Threshold transactions are transactions that, by reaching or exceeding a defined monetary value, trigger specific anti-money-laundering obligations. The key point for UK firms is that the UK regime works differently from regimes such as the United States. There is no general mandatory cash-transaction reporting threshold in the UK; instead, certain thresholds trigger customer due diligence, and large cash movements are treated as risk indicators within a risk-based system.
UK thresholds that trigger obligations
Under the Money Laundering Regulations 2017, customer due diligence must be carried out for occasional transactions of EUR 15,000 or more under Regulation 27(2). Businesses trading in goods become “high-value dealers”, and therefore regulated, when they make or receive cash payments of EUR 10,000 or more under Regulation 14. These thresholds trigger due diligence; they are not automatic reporting triggers.

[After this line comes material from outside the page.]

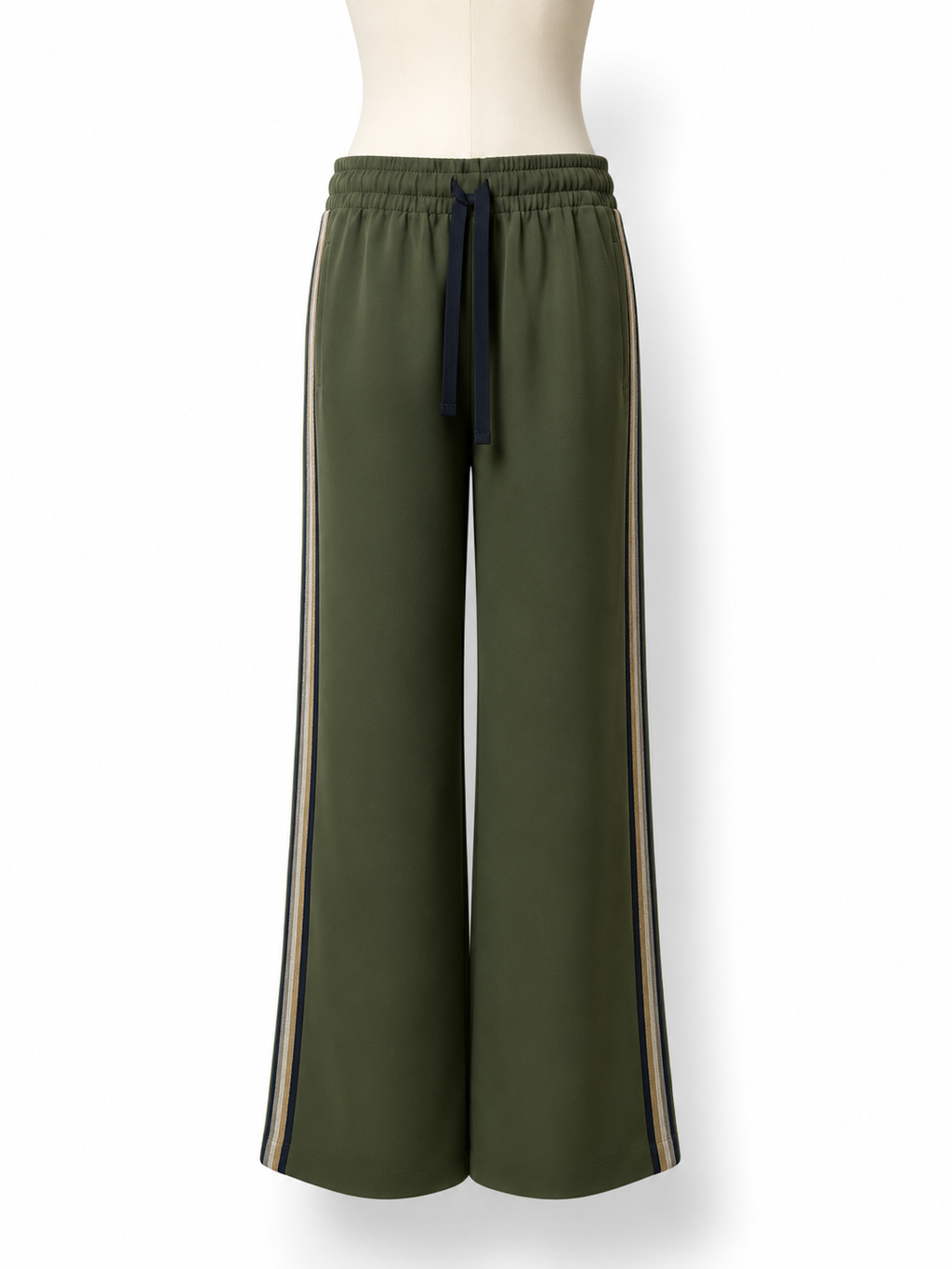 Pantalón Zadig & Voltaire Woww Crepe verde caqui – Talla 36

Why the distinction matters
In the US, a cash transaction over USD 10,000 generates a mandatory Currency Transaction Report regardless of suspicion. The UK takes a suspicion-based approach: under the Proceeds of Crime Act 2002, a regulated firm must report where it knows or suspects, or has reasonable grounds to suspect, money laundering, whatever the amount. A large cash deposit is therefore a red flag that should prompt enhanced scrutiny and may lead to a Suspicious Activity Report, but the threshold itself does not compel a report. Staff trained on US rules can wrongly assume an automatic filing duty, so this is an important training point.
Who it applies to
All regulated-sector firms under the MLRs 2017, and particularly high-value dealers and cash-intensive businesses.